**SOURCE INFORMATION**
━━━━━━━━━━

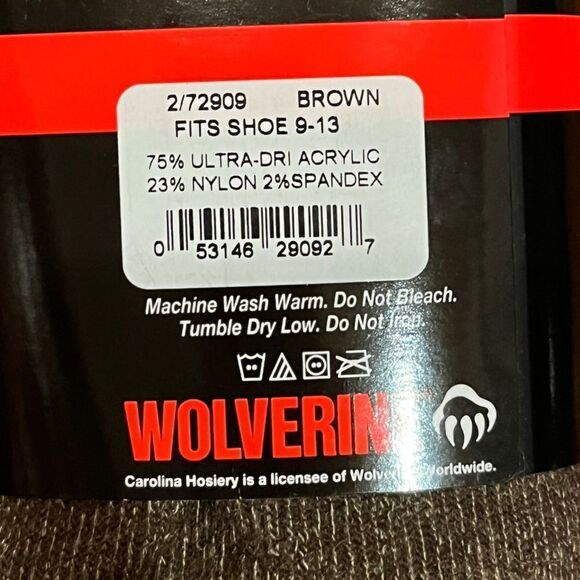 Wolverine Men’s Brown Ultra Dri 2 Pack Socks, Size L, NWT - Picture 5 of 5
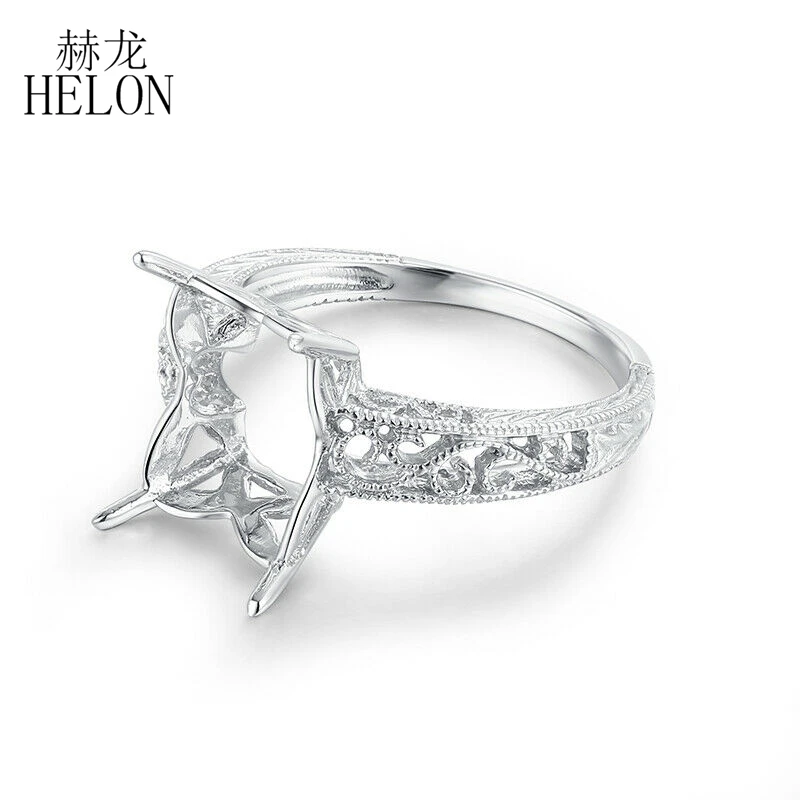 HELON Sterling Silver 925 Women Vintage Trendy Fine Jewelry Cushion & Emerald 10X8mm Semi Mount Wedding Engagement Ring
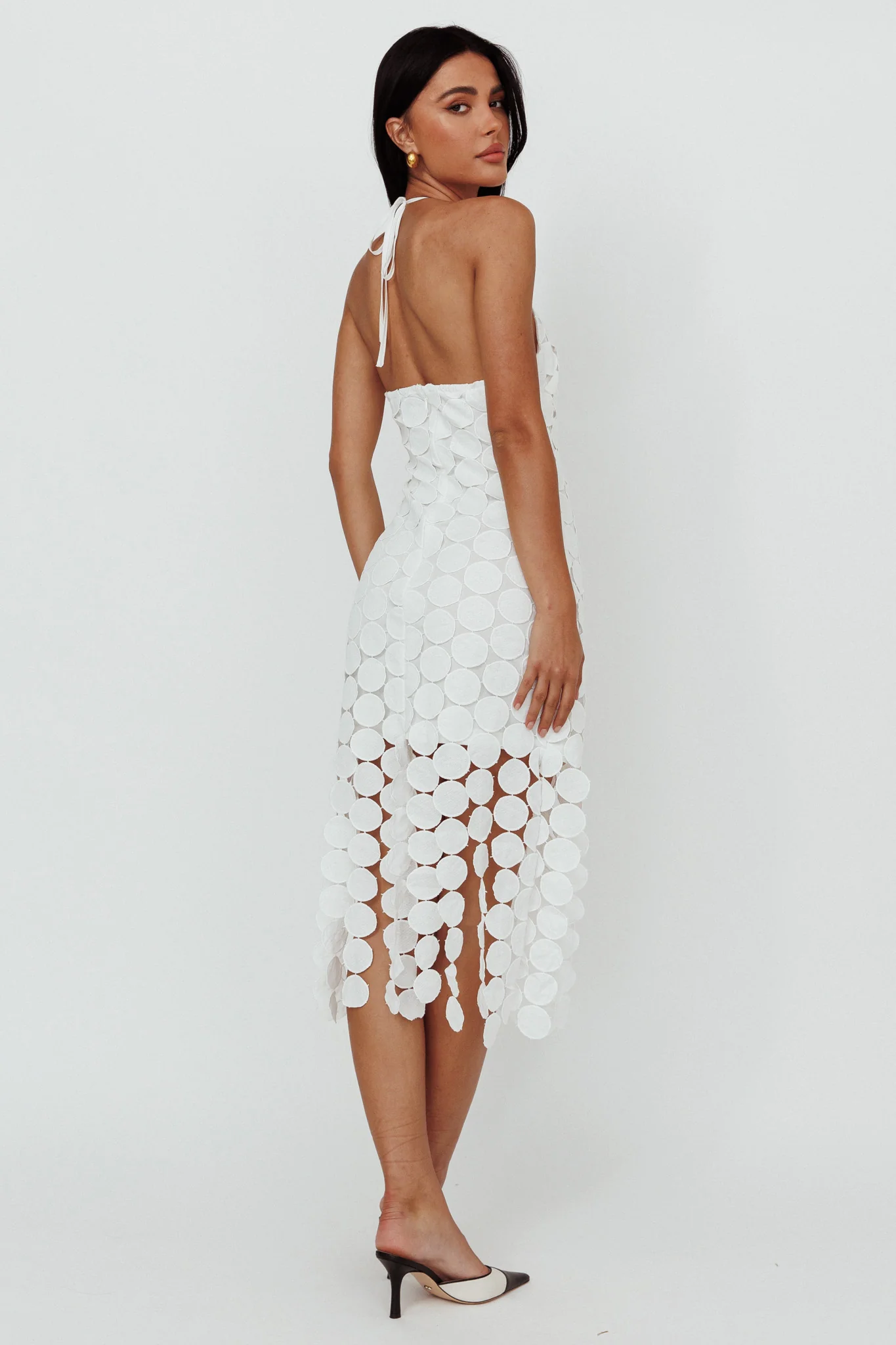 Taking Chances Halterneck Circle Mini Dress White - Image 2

━━━━━━━━━━

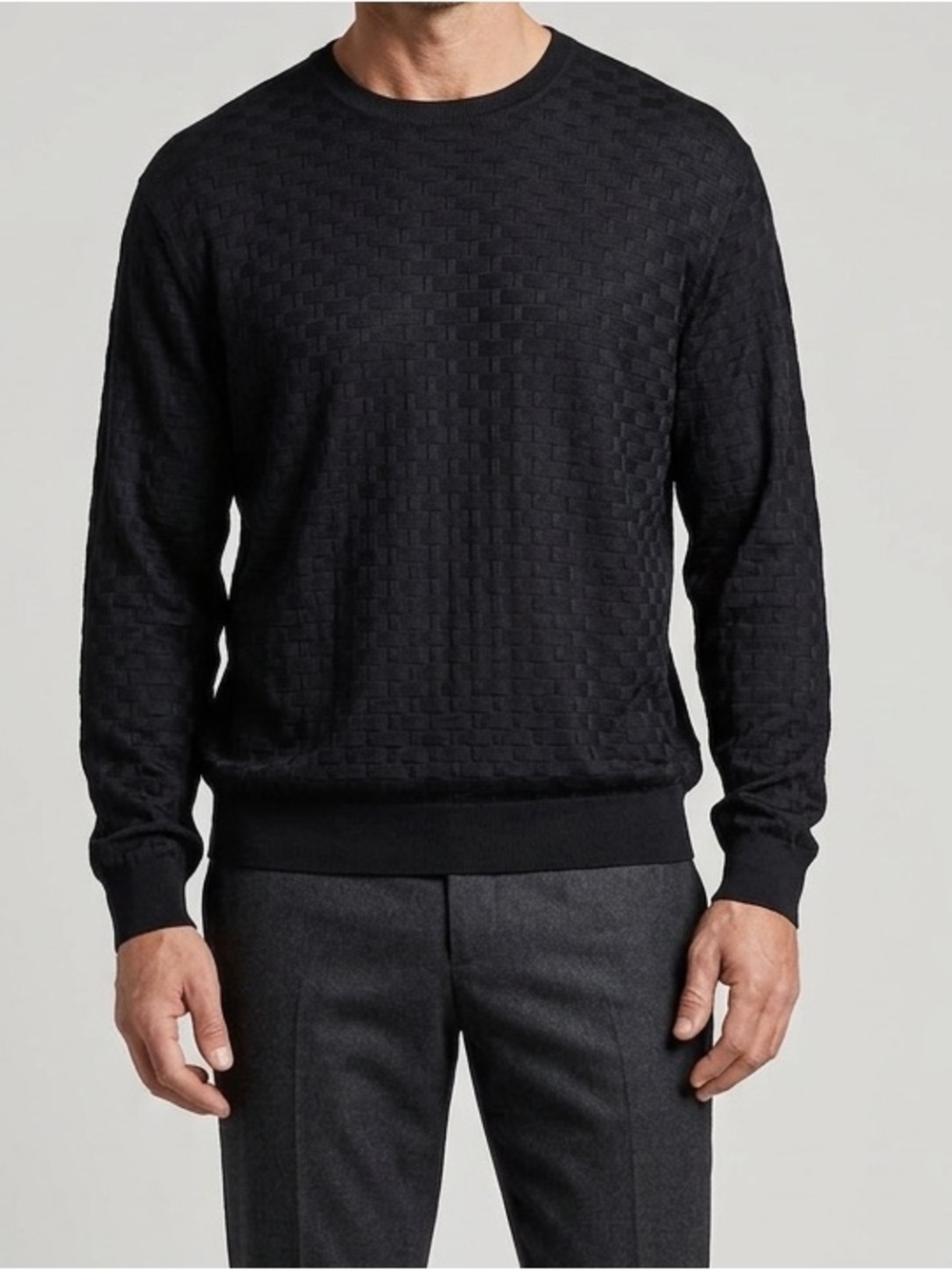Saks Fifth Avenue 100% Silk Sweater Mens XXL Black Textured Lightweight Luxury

━━━━━━━━━━

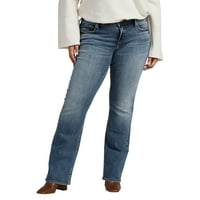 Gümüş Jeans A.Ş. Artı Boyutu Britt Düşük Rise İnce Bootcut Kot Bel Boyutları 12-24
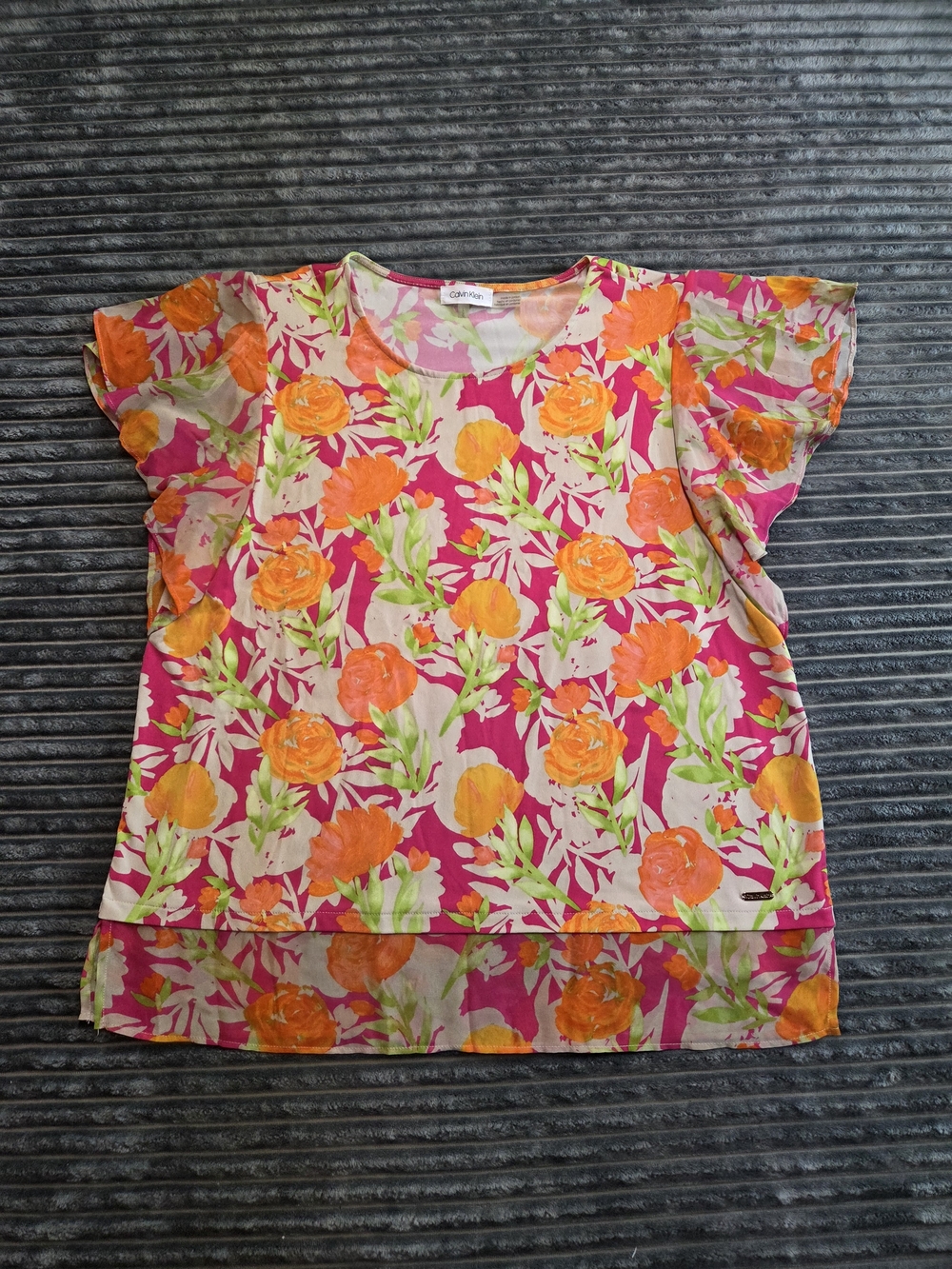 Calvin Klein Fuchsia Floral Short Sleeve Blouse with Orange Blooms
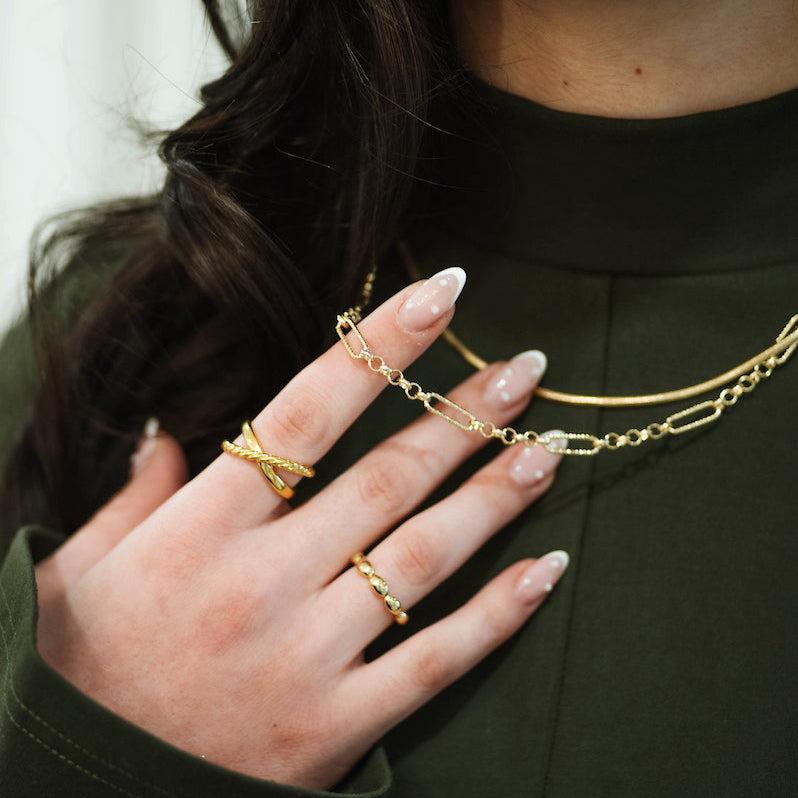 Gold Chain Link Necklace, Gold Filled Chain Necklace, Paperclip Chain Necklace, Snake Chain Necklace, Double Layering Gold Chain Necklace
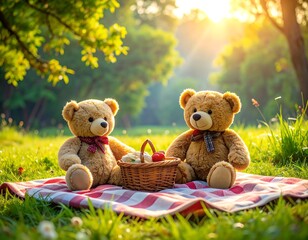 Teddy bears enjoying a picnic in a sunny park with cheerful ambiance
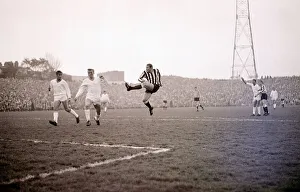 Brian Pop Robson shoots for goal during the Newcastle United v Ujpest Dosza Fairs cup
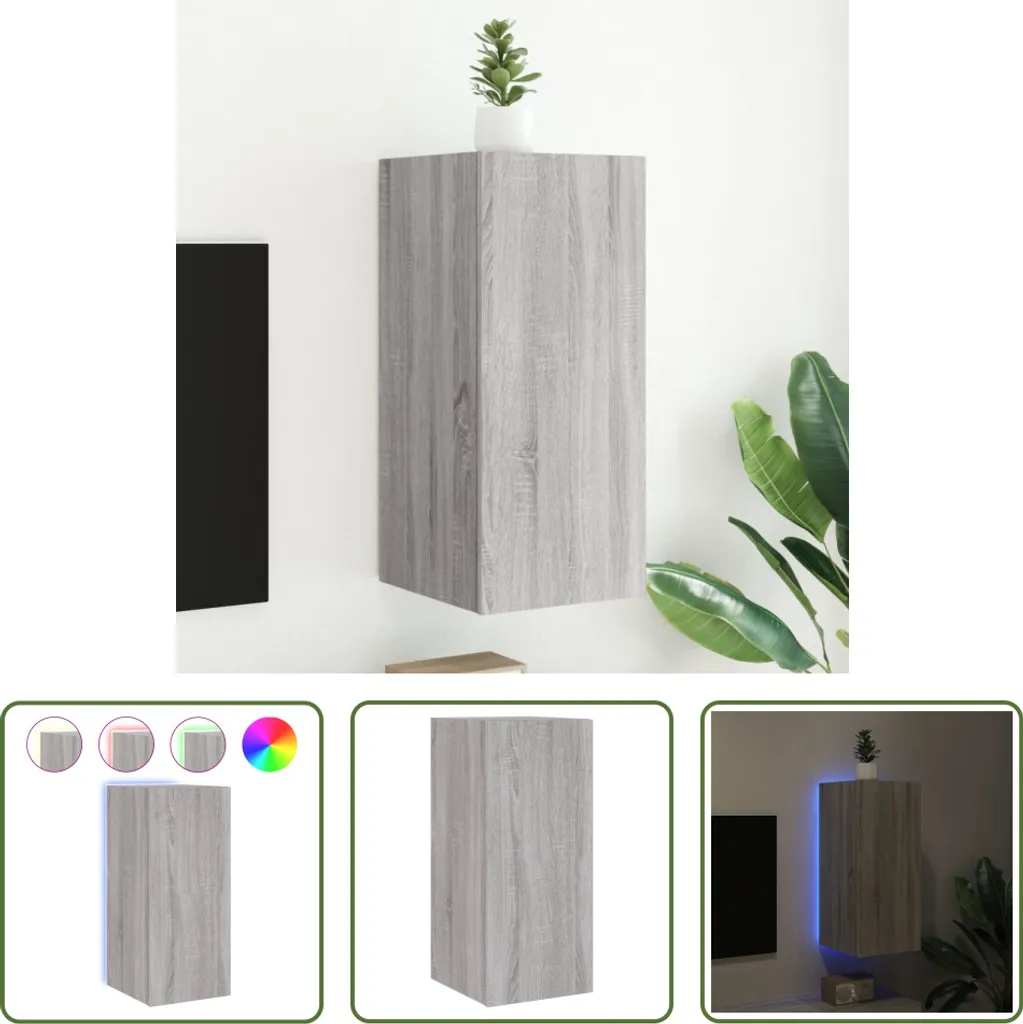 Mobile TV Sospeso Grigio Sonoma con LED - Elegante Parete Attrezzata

━━━━━━━━━━

Reproduce the entries exactly, from the line with "HELON Sterling Silver" to the line with "Taking Chances Halterneck", both lines included, keeping no pictures.

**SOLVED PROBLEM**
 HELON Sterling Silver 925 Women Vintage Trendy Fine Jewelry Cushion & Emerald 10X8mm Semi Mount Wedding Engagement Ring
 Taking Chances Halterneck Circle Mini Dress White - Image 2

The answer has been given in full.